Supporters of the ban argue that public health and potential ethical issues relating to alcohol purchase outweigh market concerns, but local companies maintain that the ban does not apply to imported liquors which become available online once buyers have verified that they are at least 19 years old, Korea’s legal drinking age. Moreover, liquors registered as traditional products in Korea, such as ‘makgeolli’ (rice wine) and Andong soju, are exempt from the online sales ban, allowing them to be delivered directly to consumers’ doorsteps.

In contrast, craft beer products are only accessible via offline stores and restaurants. Local producers argue that lifting the ban would expand their distribution channels and improve market competitiveness. “If online sales were allowed, it would mean more space for us to distribute and sell our products, which is certainly good for us,” an industry official said. “That would allow us to further diversify our business strategies.”

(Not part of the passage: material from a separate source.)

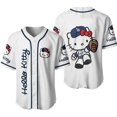 thumbnail image 1 of Baseball Suit 3D Printed Hello Kitty Letter Short Sleeve Jersey Round Neck Button Cardigan Thin Ball Suit, 1 of 5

The situation is particularly damaging to smaller craft breweries. Compared to the major companies such as Oriental Brewery, HiteJinro and Lotte Chilsung Beverage, they have much smaller distribution channel options, being limited to local beer pubs and limited shelf space at convenience stores or supermarkets. Even the most popular craft breweries in South Korea, such as Jeju Beer Company, struggle against bigger rivals in this regard.

The corporate tax bureau under the National Tax Service (NTS), which handles the country’s liquor-related policies, said the government introduced the online liquor sale ban in accordance with the country’s Juvenile Protection Act. The authority cites a clause under the law that states the sale of liquors in the country should be transacted in person to verify buyers’ identities and age. The authority added that it is now partially allowing online sales of liquors via “smart order” arrangements through which consumers order liquors online and claim them at a designated offline pickup point.